Shilka (Amur)




Nina Bogutskaya, Jennifer Hales



Major Habitat Type

Temperate upland rivers

Drainages flowing into

Sea of Japan (eastern Pacific Ocean)

Main rivers to other water bodies

The Chita, Nercha, Ingoda, Hurhin Gol, Borzya, and Onon rivers.



This ecoregion includes the entire drainage area of the Shilka River, and extends down where it meets the Argun River.  Both the southern and southeastern borders of the ecoregion follow the divide (Dutugtu Uul Range in the west, and the Nercenskiy Khrebet and the Borshchovochnyy Khrebet ranges in the east) between the Shilka and Kerulen [also known as Herlen Gol or Herlen He] rivers, as well as the left-hand tributaries of the Argun\' River [618].

In the northeast, the ecoregion is contiguous with the Middle Amur drainage [617] along the southeastern slopes of the Amazarskiy Khrebet Range
. Further westwards, the ecoregion’s border moves along the Khorkovyy and Tungirskiy Ranges, and the southern slopes of the Olekminskiy Stanovik Mountains between the Olekma River [608] and left-hand tributaries of the Shilka River.  The border also separates the Kirenga River [608] and the Nercha River.

In the west, the ecoregion (namely the Ingoda drainage area) is contiguous with the Yenisei ecoregion.  The Khilok River, a tributary of the Selenga River [605], are the closest water bodies along the Yablonovyy Khrebet Range.

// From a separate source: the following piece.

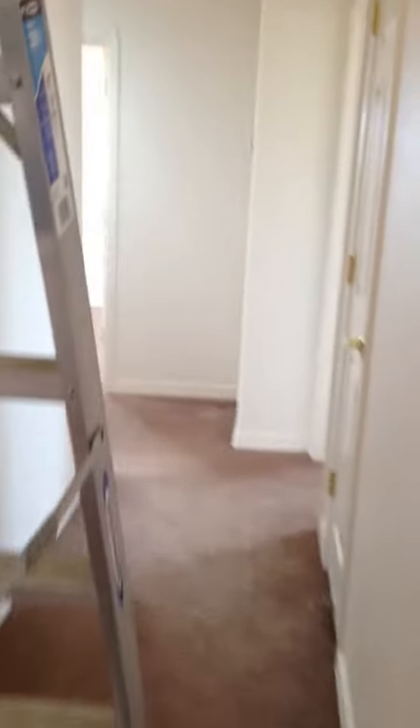This is a little hallway. This is a three-bedroom, two-bath. Nice little linen closet.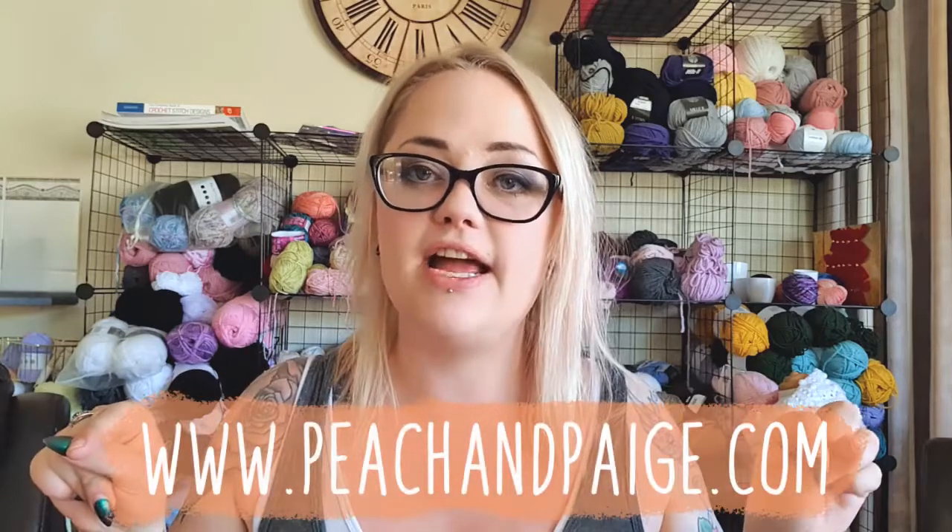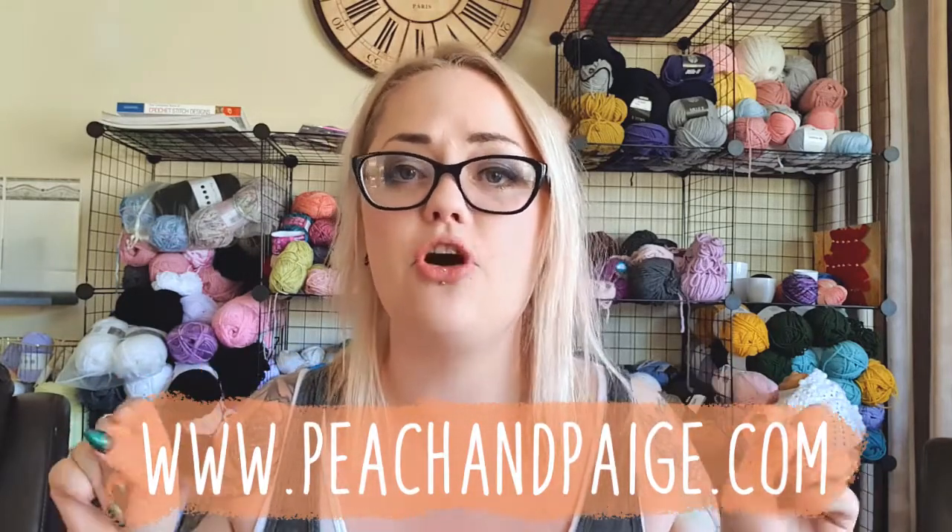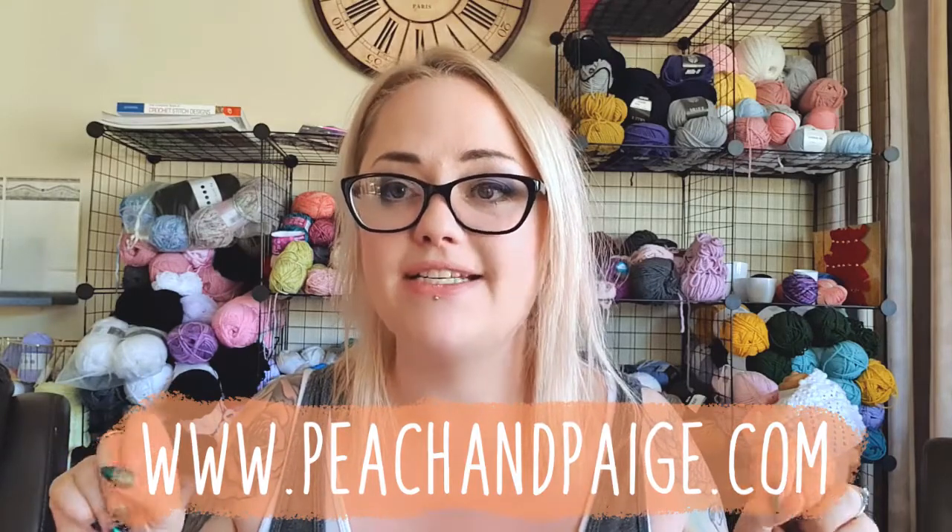This is a knitting and crochet podcast, sometimes with a little bit of sewing in there. If you do enjoy today, please don't forget to like and subscribe down below. You can find me at peachandpage.com where you can buy my patterns as well as yarn pegs, and I also have links to all of my other podcasts on that website.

The Shilka River runs for 560 km in a semi-mountainous region.  The river is formed by the confluence of the Ingoda and Onon rivers, and its catchment area is 206000 km2. The Ingoda River is a typical mountain river, roughly 690 km long, 1.5 m deep, and flowing at a rate of 1.5 m/c.  The river’s very upper reaches pass through a narrow gorge.  The Onon River is a 1032 km long steppe river, and also contains several rifts and riffles.

Freshwater habitats

Along its entire course, the Shilka River and its tributaries have a pronounced current—roughly 0.4 to 3.0 m/c.  The river is mainly fed by summer rainfall, and floods after winter snow-melt.  Extreme flooding also occurs during periods of heavy rain from July until August.  The water begins to freeze over at the end of October, and melts again in early May.

Terrestrial habitats

Most of the catchment is located on highlands on wide divide plateaus. The river flows between steep, forest-covered banks. Dominant terrestrial ecoregions include Daurian forest steppe, Trans-Baikal conifer forests, and East Siberian taiga with pockets of Trans-Baikal Bald Mountain tundra.


Description of endemic fishes

Bagrid catfish (Pseudobagrus herzensteini) is a species reliably known in only two areas—the Onon and Shilka rivers. A taxonomic study is needed to confirm the range. The species is believed to be restricted to hilly streams.

Other noteworthy fishes

Very little is known about Soldatov\'s gudgeon (Gobio soldatovi tungussicus), a species initially described in the Lena River drainage, before being reported in upper reaches of other Lena River tributaries. There have been no collected specimens. If the species’ distribution and status were confirmed, it would serve as an example (along with Hucho taimen, Phoxinus czekanowskii and P. lagowskii) of the historical connection between the Lena and Amur drainages.

Ecological phenomena

There are no peculiar phenomena.

Justification for delineation

The Upper Amur catchment [618 and 619] has very different geoclimatic conditions from the other parts of the Amur basin. The catchment occupies the most elevated part of the basin (350-2500 m asl). It’s characterized by less humidity, severe continental climate, and a taiga-steppe landscape. The Bolshoy Khingan Range (also known as Da Hinggan Ling) stops monsoons, and represents the orographic border of the upper basin. At the same time, the northern Shilka basin is clearly different from the southern regions, evident in contrasting fish fauna. In general, the ecoregion is characterized by the predominance of rheophylic species, and has only one endemic species.